**TASK TO CARRY OUT:** A word-for-word copy of the listing that follows is required.

**SUPPLIED DATA:**
>>>>>

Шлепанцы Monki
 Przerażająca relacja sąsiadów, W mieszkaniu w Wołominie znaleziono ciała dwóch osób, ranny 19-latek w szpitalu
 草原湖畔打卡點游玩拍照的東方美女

<<<<<

**TASK SOLUTION:**
Шлепанцы Monki
 Przerażająca relacja sąsiadów, W mieszkaniu w Wołominie znaleziono ciała dwóch osób, ranny 19-latek w szpitalu
 草原湖畔打卡點游玩拍照的東方美女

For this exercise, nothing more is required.